Passing Through History

By Joan Tupponce

Ben Lomond is one of the oldest houses in Essex County, but the grand estate has many tales yet to tell.

Ben Lomond, a brick Georgian manor house in Essex County, was originally built in 1730. Photography by Roger Foley.
Ben Lomond, a brick Georgian manor house in Essex County, was originally built in 1730. Photography by Roger Foley.

Craig Shirley smiles as he walks down the more than 200-year-old stairway in his Essex County home, Ben Lomond, and thinks of all the generations of children that have ridden down its bannister or bounded down the stairs on Christmas mornings.

As he reaches the bottom, a crevice in the first baluster draws his attention. “With many old houses, the builders carved a fissure in the first baluster,” says the noted author and historian, fingering the oddity. “They then capped it and sometimes nailed a coin there. When the mortgage was paid off, the property owners burned the receipt and placed the ashes in the hole and then resealed it.”

Shirley loves learning about these types of historic tidbits, especially here at Ben Lomond. He and his wife Zorine purchased the 18th-century house with attendant 64 acres and moved in late last summer. They had been searching for a historic home in Virginia for about six years after living in the Washington, D.C., area since 1982. “We looked at about 50 different houses and put in offers on two,” says Shirley, 59. After both deals failed to materialize for various reasons, they began their search again.

Zorine says the couple knew Ben Lomond was the right property the minute they saw the year 1730 chiseled on the two brick gates at the entrance to the long driveway. “This house is nearly 50 years older than the Declaration of Independence. It is one of the oldest houses in Essex County.”

Painted scenes of Ben Lomond and Tappahannock as they appeared in the 1700s adorn the walls of the formal dining room. Photography by Roger Foley.
Painted scenes of Ben Lomond and Tappahannock as they appeared in the 1700s adorn the walls of the formal dining room. Photography by Roger Foley.
The formal dining room in the Georgian house was another selling point for the couple. Intricately hand-painted and stenciled by local realtor Karin Andrews, the walls depict the property and neighboring Tappahannock as they were in the 1700s. A blue-sky ceiling with fluffy white clouds floats over scenes of tall ships and stagecoaches. But the Ben Lomond of today, like Tappahannock, has changed. The property’s landscaped gardens and cemetery housing the graves of Confederate soldiers are intact, but the home’s view of the Rappahannock River has vanished because of heavy tree growth. Fortunately, the changes in the view have not diminished the charm of the home and the landscape that surrounds it.

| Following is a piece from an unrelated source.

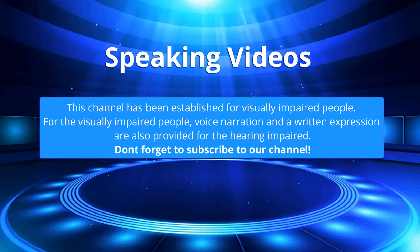This channel has been established for visually impaired people. For the visually impaired people, voice narration and a written expression are also provided for the hearing impaired. Don't forget to subscribe to our channel.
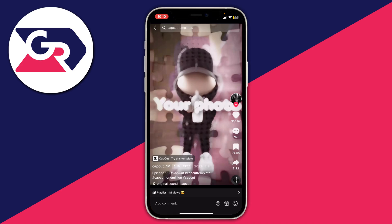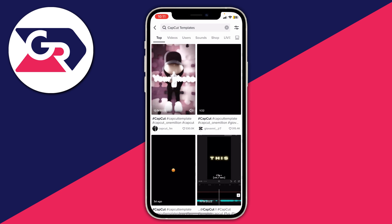Here we are in TikTok and I want to show you how to fix the issue of the CapCut 'Try This Template' button not appearing. The first fix is to make sure you're actually watching a video which has a template — for example, if somebody downloaded a video and re-uploaded it, that button may not be available on that specific video.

Paying homage to the home’s origins, stately portraits of Judge Muscoe Garnett, the first judge of Essex County and a member of the Virginia House of Delegates, and his wife, Sarah Gatewood Garnett, hang on the foyer walls. The couple moved into the 9,000-square-foot home in 1838 and made major renovations, adding an east wing to balance the symmetry of the original west wing.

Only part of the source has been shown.